The Fire Next Time (after James Baldwin), 2022
& Where Do We Go From Here (after Martin Luther King), 2020
The Fire Next Time (1963) is a collection of two essays by American author and activist James Baldwin which sought to garner publicity for the Civil Rights movement. Published four years later, Martin Luther Kings text, Where Do We Go from Here (1967), offered a way forward following the 1964 Civil Rights Act, calling for a nonviolent yet extensive social change that bypassed contemporary divides such as separatism and desegregation to call for a cross-party movement in the US. Abreu described, We conducted a series of seances of sorts in which MLK and Baldwin were conjured to collaborate with us. During workshops, excerpts from both books were read and participants were encouraged to use blades to scalpel the texts and create poetry by subtraction, addition, and omission. Here, cutting, pasting, and obliterating foster novel modes of interpretation.

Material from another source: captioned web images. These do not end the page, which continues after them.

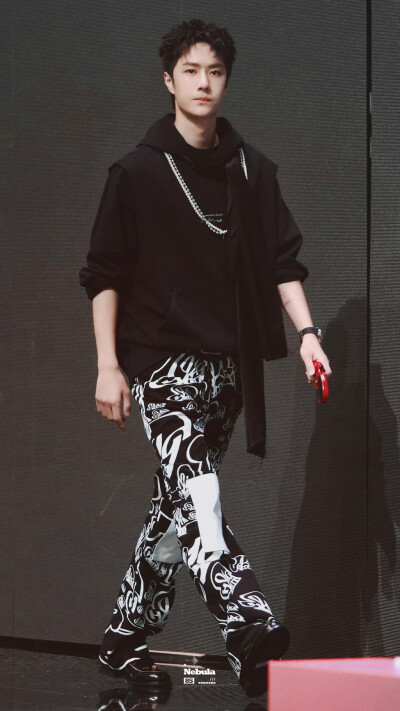 210731 和平精英超级杯暨空投嘉年华 @UNIQ-王一博 ​​​♛C位♛ cr:logo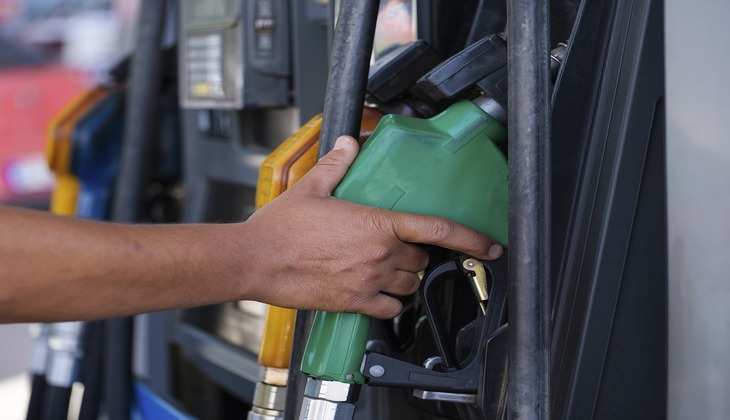 Petrol Diesel Price Update: कच्चे तेल की तेजी पर लगा ब्रेक, क्या बदले पेट्रोल-डीजल के दाम?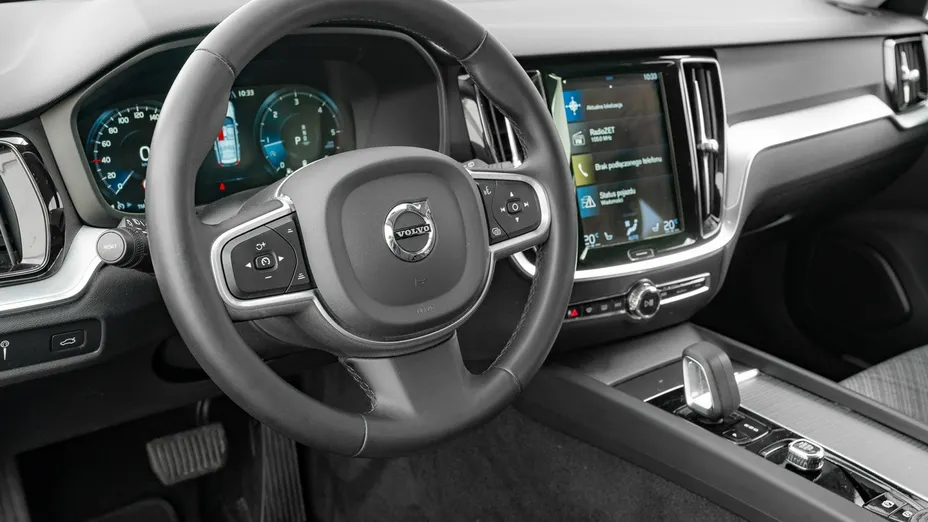 VOLVO V60 -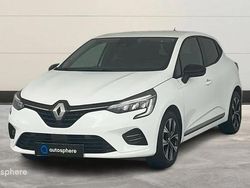 Blanc Utilisé 2022 Renault Clio V Evolution Berline | 13 299 € (Bon prix)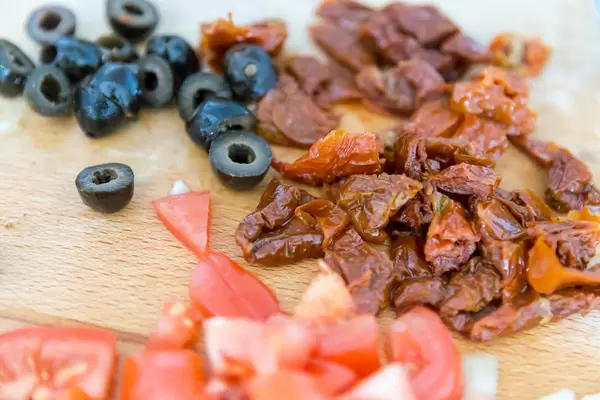 Getrockneten Tomaten, frische Tomaten und Oliven für Risotto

Studio K.O.S. is Angel Abreu (b. Bronx, NY, USA 1974) and Ricardo Savinon (b. New York, NY, USA 1971). Their selected solo exhibitions include Invisible Man, O-Town House, Los Angeles, USA (2022) and Studio K.O.S: The Continuing Legacy of Tim Rollins and the Kids of Survival, Wexler Gallery, Philadelphia, PA, USA (2021). Solo exhibitions of Tim Rollins and K.O.S include Unbound, Portland Museum of Art, Portland, USA (2016); Rivers, SCAD Museum of Art, Savannah, USA (2014); On Transfiguration, Museum für Gegenwartskunst, Basel, Switzerland (2012), The Black Spot, Talbot Rice Gallery, Edinburgh, UK (2012); and Arnolfini Gallery, Bristol, UK (1998). Their works are held in museum collections including The Art Institute of Chicago, Chicago, USA; Dallas Museum of Art, Dallas, USA; Foundation for Contemporary Art, Mexico City, Mexico; Solomon R. Guggenheim Museum, New York, USA; The Museum of Modern Art, Osaka, Japan; Stedelijk Museum, Amsterdam, The Netherlands; Tate Gallery, London, UK; The Whitney Museum of American Art, New York, USA, MoMA, New York USA.